Just like with contraception, the pull-out method doesn’t work for transit. When a bus is required to exit a through lane to make a stop, then to reenter the through lane, there is inherent delay in the additional movement required. Then more delay when the bus has to yield to vehicles in the through lane since most motorists are constantly ignoring traffic laws, including the one requiring them to yield to transit vehicles. So pull-outs make transit slower, and slow transit is only a goal for Reason foundation shills and streetcar advocates, not the City and the County (nor the region).
Even worse, pull-outs are extremely dangerous. Typically, that’s because they encourage motorists (most of whom, as we’ve already discussed, are scoff-laws) to turn right around buses that are stopped for boarding or disembarking passengers. The latter group oftentimes will intend to cross the nearest street, the one that the motorist is currently turning onto without any visual notion of the conditions thereupon (unless this particular motorist has the ability to see through buses). Unsurprisingly, conflict and sometimes injury or loss of life results. This routine death trap since is found all over the Twin Cities, including on brand new streets like Nicollet Ave and Chicago Ave.
So when I saw that Hennepin County’s design for Minnehaha Ave is lousy with pull-outs I was both surprised and annoyed, then after a moment, surprised again.

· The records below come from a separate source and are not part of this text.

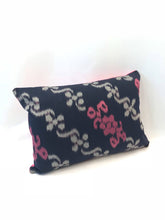 Load image into Gallery viewer, Ikat Pillow Cover, Pink &amp; Blue. Ethnic, Boho Cushion Case. Handwoven in Indonesia. 12x18 inches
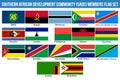 Southern African Development Community, SADC Members Flag Set Vector Illustration Royalty Free Stock Photo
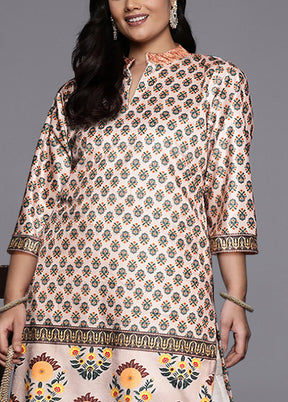 Cream Readymade Velvet Kurti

The design actually mitigates the above-mentioned safety problem in two ways: first, with bump-outs, which put a bit more distance between the bus and the crosswalk it is potentially obscuring, and second, more effectively, with far-side bus stops (at the request of Metro Transit, according to County Engineer Nick Petersen’s statement at the TPW meeting) . If there is not a place to turn right around a bus into, motorists are less likely to turn right around a bus. But the pull-outs here have another dangerous feature: they require buses to cross a bike lane twice with every stop they make.
This situation is likely somewhat familiar to cyclists and bus drivers in the Twin Cities; indeed, Plymouth Ave, which is served by the same bus route that runs on Minnehaha, requires buses to stop in the bike lane itself, which is less convenient for cyclists, though maybe a bit less dangerous. The local list of streets that build in conflict between transit vehicles and dedicated bike facilities just goes on and on: Lowry Ave N, Emerson Ave N, Fremont Ave N, 2nd and 7th Sts N, 11th and 12th Sts and 4th and 5th Aves downtown, Portland Ave, Chicago Ave, the existing Minnehaha, East Franklin, University Ave SE, 4th St SE, Como Ave SE… I’m sure I’m missing a few.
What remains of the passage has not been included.